Before film it was discovered we have a persistence of vision - the mind stitches together smooth motion by combing something like 25 still images per second.1 In the early 1800s the zoetrope was invented. A drum with image frames painted on the inside would be spun. It had a series of slits around the periphery that you would look through to watch the short animation. These became toys of the Victorian era leading to more sophisticated design.
Stitching moving still frames into an illusion of motion led to something of the inverse. A blurry vibrating guitar string viewed using a bright light that flashes with a regular frequency appears to stop. The stroboscope has a wide range of application - you've probably used one in a high school science class and electronic versions that only display the repeating parts of a signal are fundamental to electrical engineering.

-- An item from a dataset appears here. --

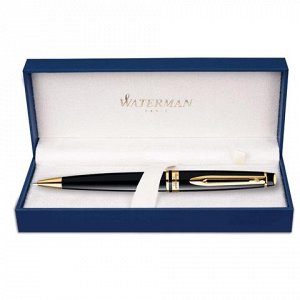 Ручка шариковая WATERMAN Expert 3 Black GT, корпус черный, л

You can write on the surface of a spinning object and by picking the right frequency of a flashing strobe light motion will appear. Now what if you could do this on a complex surface?
The EggBot is a delightful little piece of tech. A computer controlled printer that draws on spherical and roughly spherical shapes. Balls and, well, even eggs. Jiri Zemanek at the Czech Technical University in Prague generates interesting patterns in Matlab which was used to drive his Eggbot. Then he spins the eggs and adjusts the frequency of a strobe light. Art, math, science and engineering and a bit of time for your imagination to take flight.
1 At least most of us think persistence of vision is what allows us to view motion in film. It turns out to be more complicated and a combination of persistence of vision and the phi phenomenon. Persistence of vision is why you don't see the black spaces that come before each frame in a film. The phi phenomenon is the apparent motion of a sequence of still images.